TUTTE AL FEMMINILE invece le tre opere in cartellone al Macerata Opera Festival, La traviata (l’allestimento trentennale di Svoboda/Brockhaus), Lucia di Lammermmor (debutta il 12 agosto) e Carmen, diretta con finezza di mestiere da Donato Renzetti, che della musica «crudele, raffinata, fatalista» di Bizet (parola di Nietzsche) predilige i colori al ritmo, e allestita da Daniele Menghini (regia) e Davide Carnevali (drammaturgia), che a modo loro riscrivono il mito della zingara passionale e selvaggia confezionato da Merimée. Una femme fatale che per la libertà con cui vive è destinata alla morte, come il toro quando inizia la corrida (la «giostra dei tori» veniva praticata anche allo Sferisterio), perché la sua stessa esistenza minaccia l’ordine e la stabilità della società borghese patriarcale, in quanto girovaga, di sangue misto, irruenta, avvezza a vivere sesso e amore con sincera autodeterminazione.
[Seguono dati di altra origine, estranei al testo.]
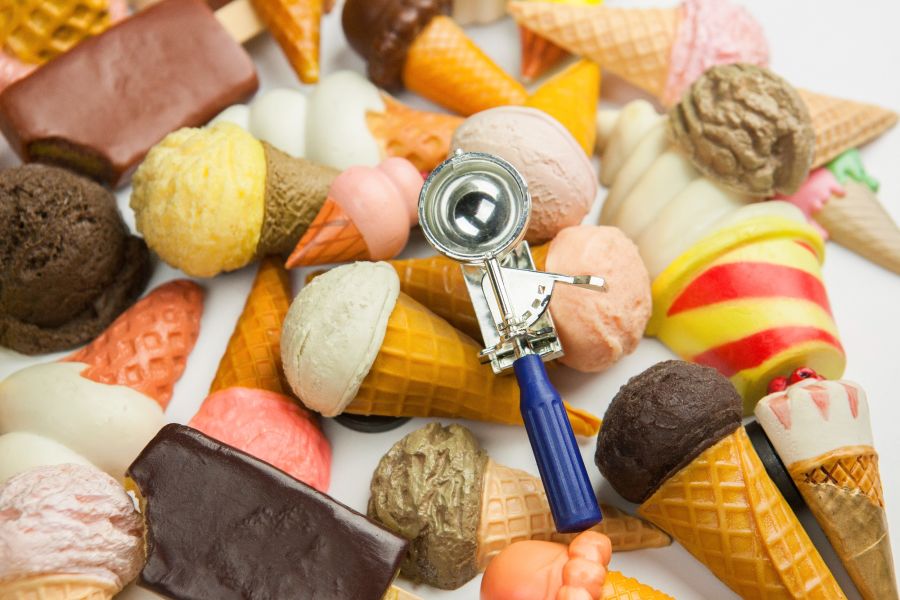 selection of ice cream cones and a scoop.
Perciò Carmen in questa società non può che diventare Carnem, carne da macello, come quella del toro già morto e pronto alla macellazione che vediamo a inizio spettacolo e che torna fino alla fine, vero e proprio doppio della protagonista. Come doppio di Carmen «strega» e «demonio» (così la chiama Don José, poiché non può controllarla, condizionarla, legarla per sempre a sé) è la maschera di Arlecchino, nell’iconografia più antica che lo rappresentava come un diavolo con un corno sulla fronte, che letteralmente contamina/infesta tutto l’allestimento (ogni personaggio finisce per indossarne il costume), emblema di una diversità che inquieta e destabilizza. In scena fino al 6 agosto.